I'm concerned with compiler variable caching in general and
out-of-order stores on multiprocessor systems. Recently I started
thinking about this with relation to filling in the initial values for
data that is operated on by interrupt handlers and DPCs. An IRP
contains of set of these initial values. An IRP is created by the I/O
manager (or another driver) then passed to the dispatch routine of a
driver.

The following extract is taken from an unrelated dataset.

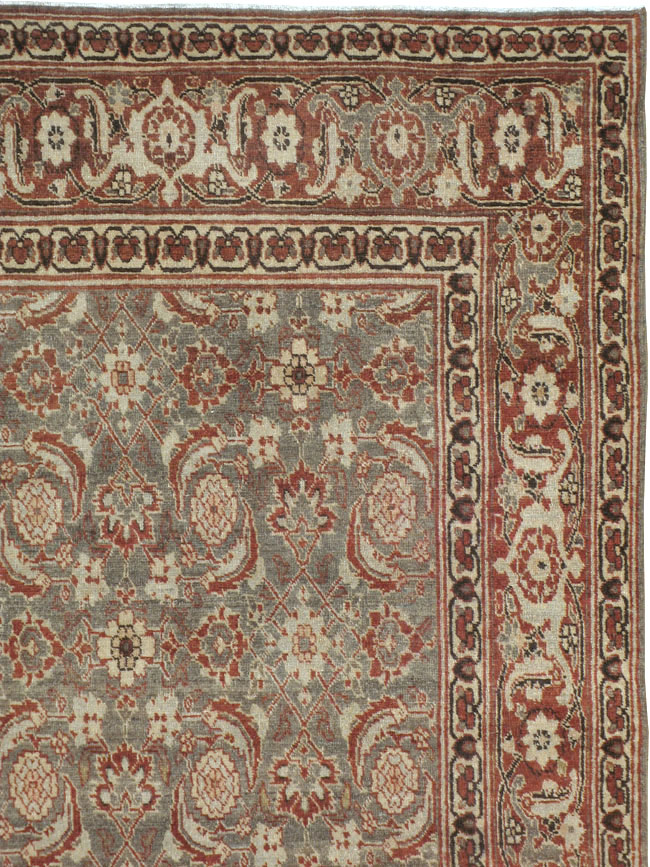 Antique Persian Tabriz Rug, No.20887 - Staging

This probably all happens in one thread context on one CPU.
If the IRP is then pended by doing IoMarkIrpPending and returning
STATUS_PENDING from the dispatch routine, then the IRP will eventually
be completed in another thread context possibly on a different CPU.
If the IRP is completed by a worker thread, then there will have been
an implicit compiler and CPU memory barrier in the event that woke up
the thread to handle the IRP. This case should be okay.
If the IRP is completed by a DPC, then on a uniprocessor machine the
DPC may see the old values of some of the fields in the IRP that the
compiler did not yet update, and on a multiprocessor machine the DPC
may see the old values that the other CPU did not yet update. Doesn't
there need to be a memory barrier to flush any out-of-order stores
immediately before writing the device register that will initiate the
operation that will eventually cause an interrupt and the DPC handler
to run?
I get the impression that sometimes KeAcquireInterruptSpinLock and
KeSynchronizeExecution are used while programming device registers,
and the interrupt spinlock that is held would provide the necessary
barrier, but it was not clear to me this was the purpose of these
routines. Besides, does everyone even use them?